TASK ITEM:
From the line containing "Cover image for" down to the last line of the entries, print each line exactly and leave the pictures out.

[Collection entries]
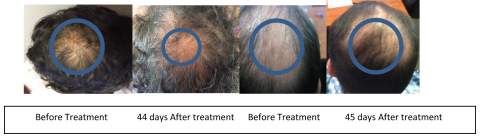 The before and after pictures of two individuals who have been using the product for 45 days. (Graphic: Business Wire)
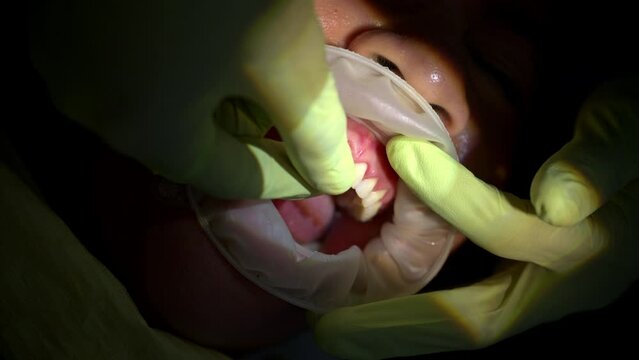 Slow motion shot of a dentist wearing green latex gloves checking the fit of a ceramic composite veneer on a patient's incisor tooth before final collocation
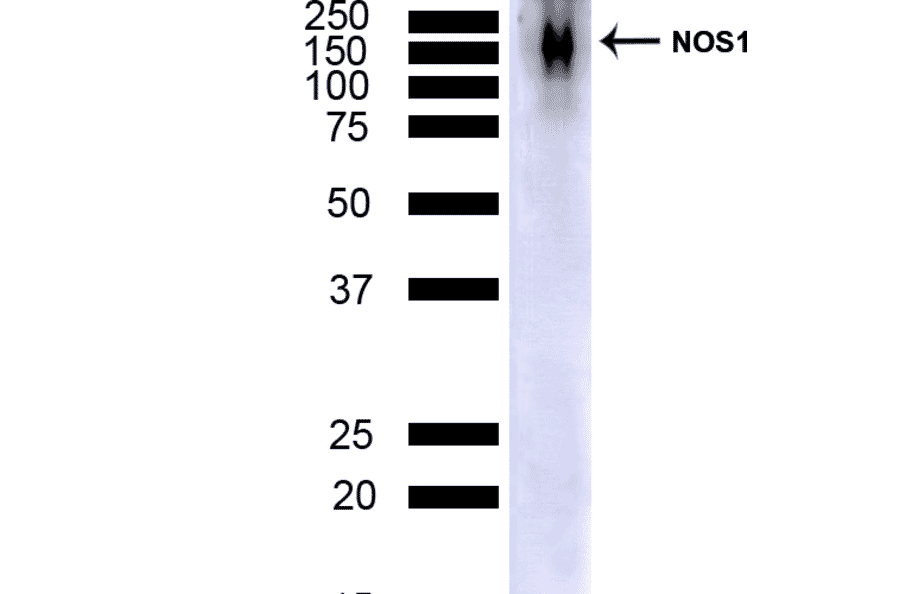 Western Blot - Anti-NOS1 Antibody [J23] (A304971) - Antibodies.com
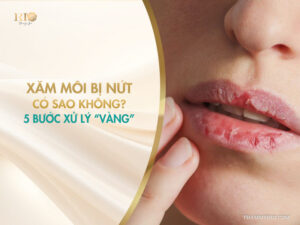 Khoảng thời gian vàng giữa các lần phun môi để đảm bảo an toàn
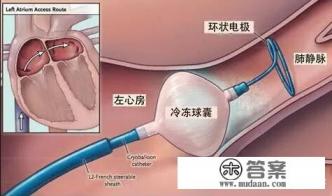 房颤的治疗方法有哪些? 房颤的治疗方法有哪些?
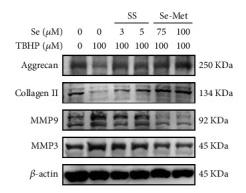 MMP9 Antibody - Figure 2
Se ameliorated TBHP-induced apoptosis and ECM degeneration of NPCs.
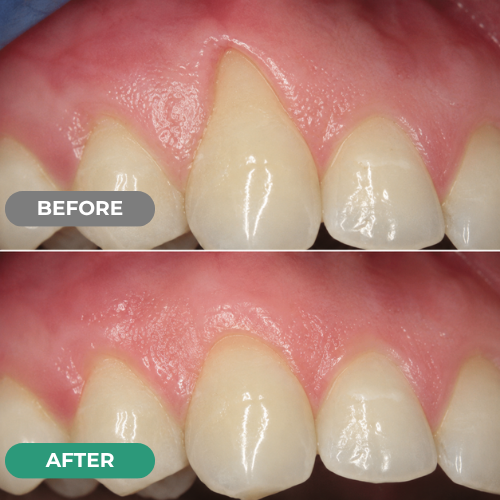 Advanced Periodontal Repair Gel – zarevoe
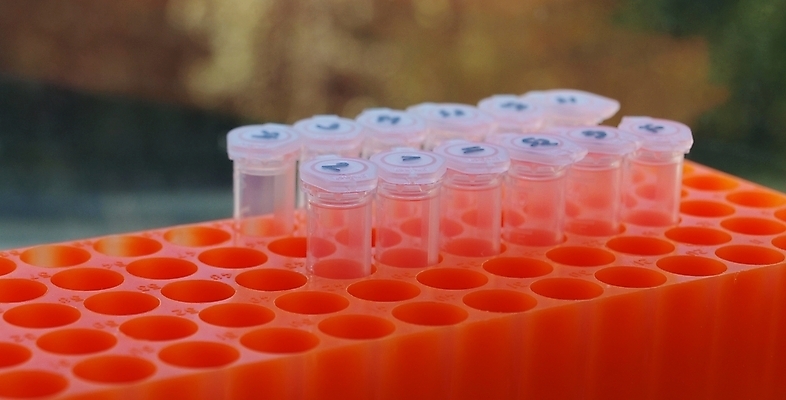 포토 JPG 해외이미지 직업 학생 교육 과학 백그라운드 오렌지 유리 건강 병원 실험 안전 사람 사람없음 파란색 스터디 숫자 약 장비 의사 흰색 업무 액체 기술자 실험실 생명공학 위험 약국 플라스크 분석 생물학 미생물 튜브 박테리아 발견 조제 고립 돌봄 신발장 화학물질 화학자 해외포토 문자 컬러 컨셉 과일 의학 모션 재질 생물 실험기구 학습 의료진 작업 화학 과학자 만들기 파일형식 이미지허브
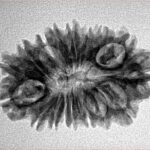 17 Mukhi Rudraksha 27.3mm 3.15gm - Origin: Nepal - Inverse xray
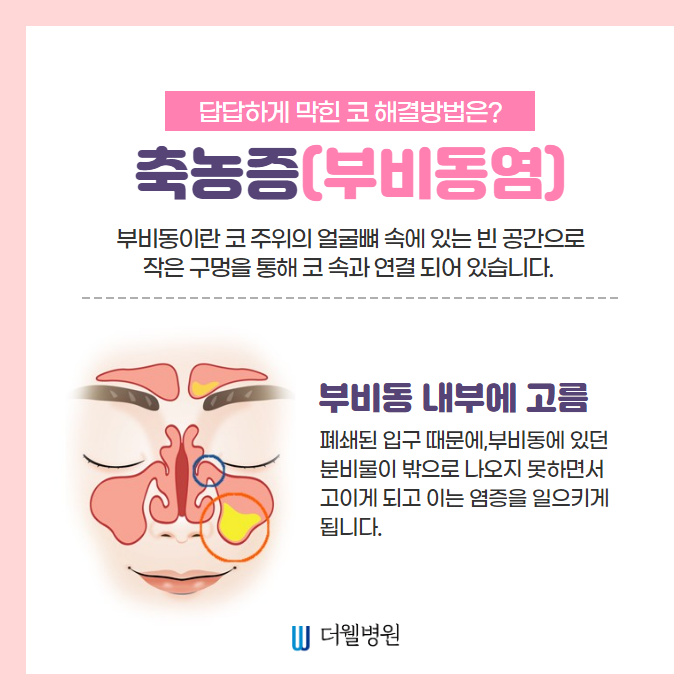축농증(부비동염) 치료방법은?! (2/11)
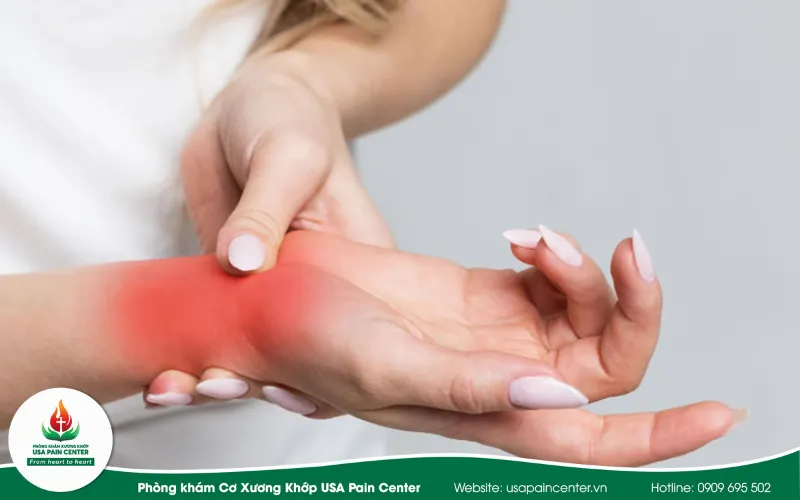 Bệnh ngón tay lò xo có liên quan tới bệnh nào khác không?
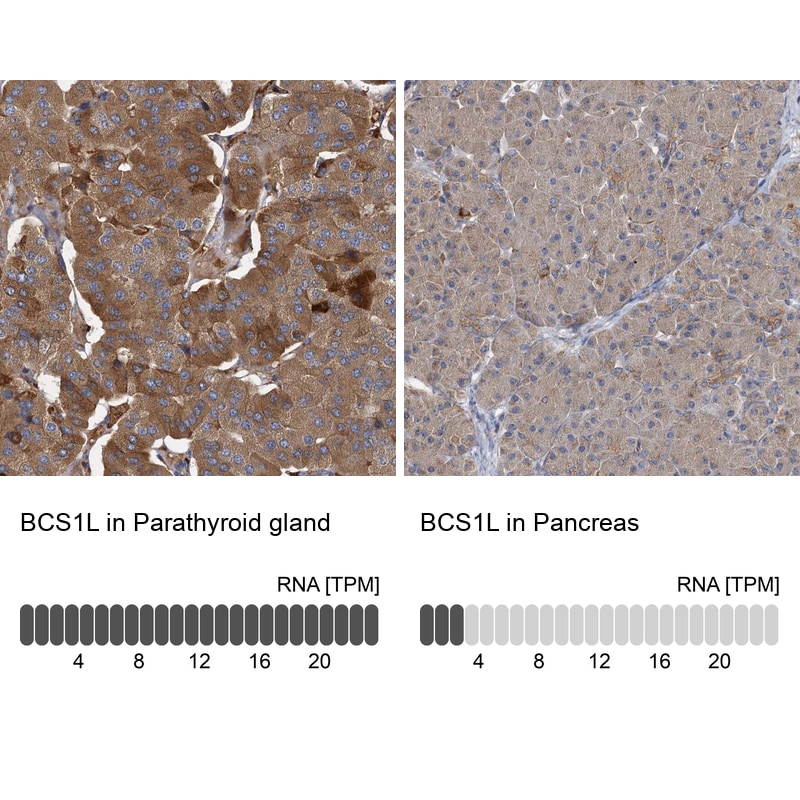 BCS1L Antibody in Immunohistochemistry (IHC)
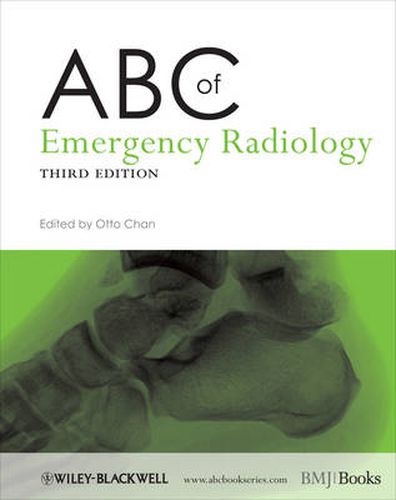 Cover image for ABC of Emergency Radiology 3e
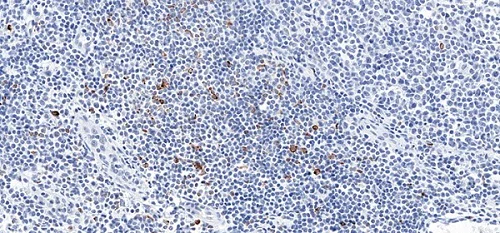 Immunohistochemistry (Formalin/PFA-fixed paraffin-embedded sections) - Anti-LAG-3 antibody [CAL77] (AB237720)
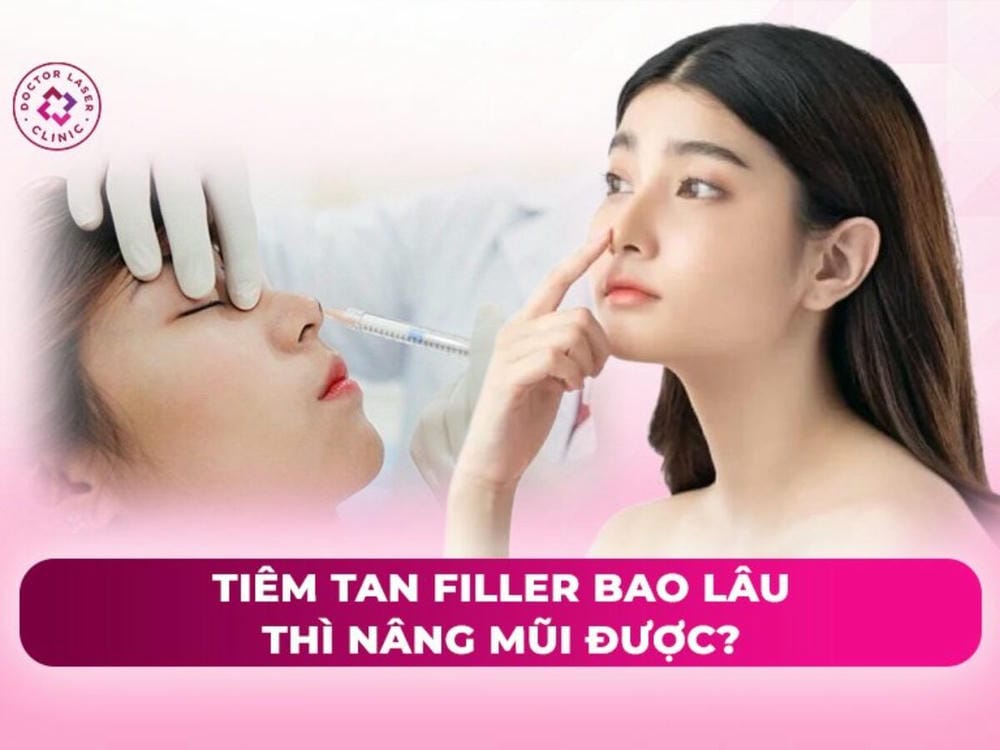 Tiêm tan filler bằng hyaluronidase hoạt động thế nào và ảnh hưởng tới mô mũi?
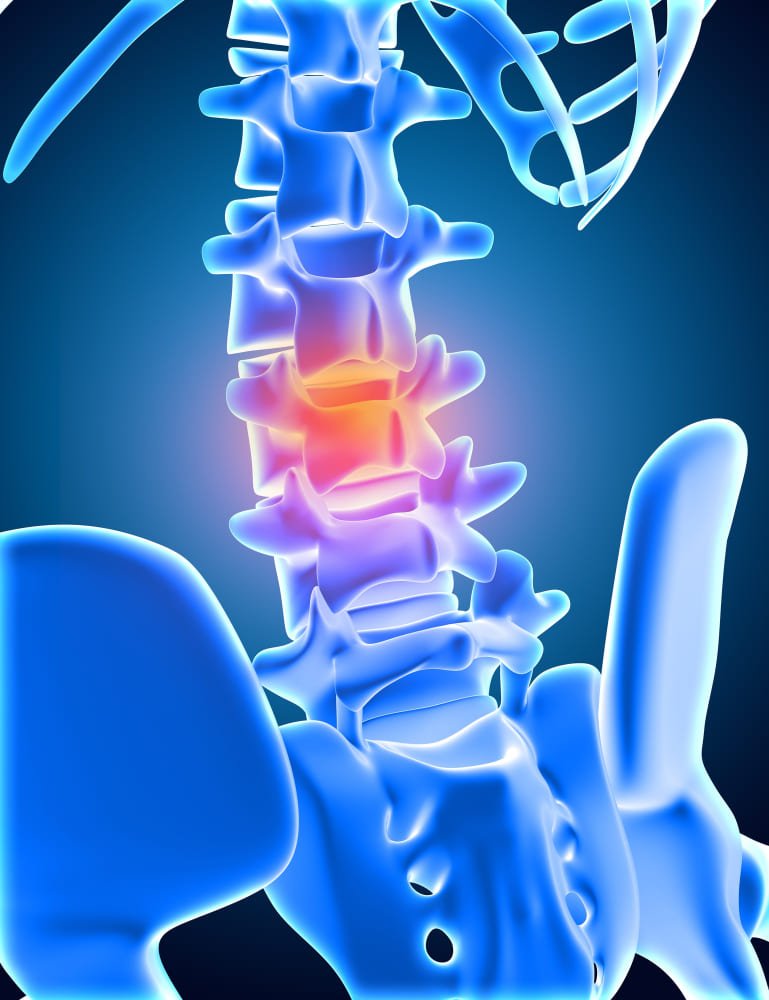 <strong>Cirugía de hernia de disco</strong>: tecnología avanzada para tu bienestar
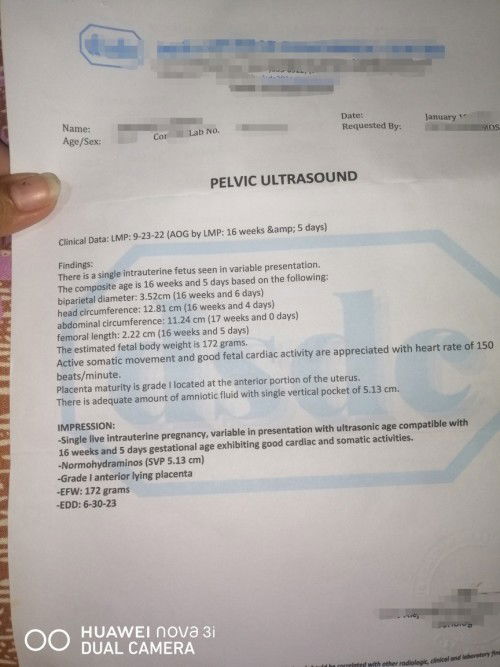 Normal ba results ultrasound ko pati heart beat nya? Kasi martes ko pa malaman balik ako sa ob.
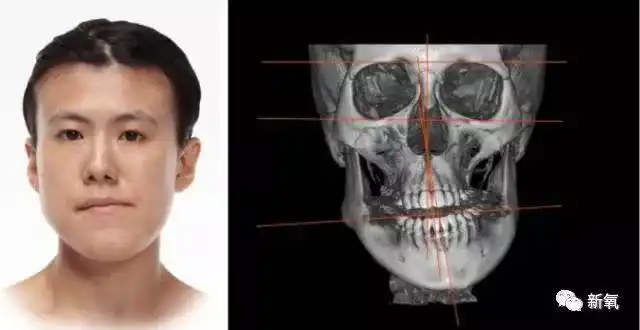 但是有时候医生技术不到位导致原本正常的下颌骨变得不对称,而造成脸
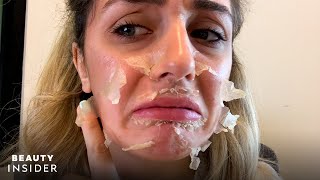 What It’s Like To Get A Chemical Peel For Acne Scars  Beauty Explorers  Beauty Insider [upl. by Nivrac278]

SOLUTION:
 Cover image for ABC of Emergency Radiology 3e
 Immunohistochemistry (Formalin/PFA-fixed paraffin-embedded sections) - Anti-LAG-3 antibody [CAL77] (AB237720)
 Tiêm tan filler bằng hyaluronidase hoạt động thế nào và ảnh hưởng tới mô mũi?
 <strong>Cirugía de hernia de disco</strong>: tecnología avanzada para tu bienestar
 Normal ba results ultrasound ko pati heart beat nya? Kasi martes ko pa malaman balik ako sa ob.
 但是有时候医生技术不到位导致原本正常的下颌骨变得不对称,而造成脸
 What It’s Like To Get A Chemical Peel For Acne Scars  Beauty Explorers  Beauty Insider [upl. by Nivrac278]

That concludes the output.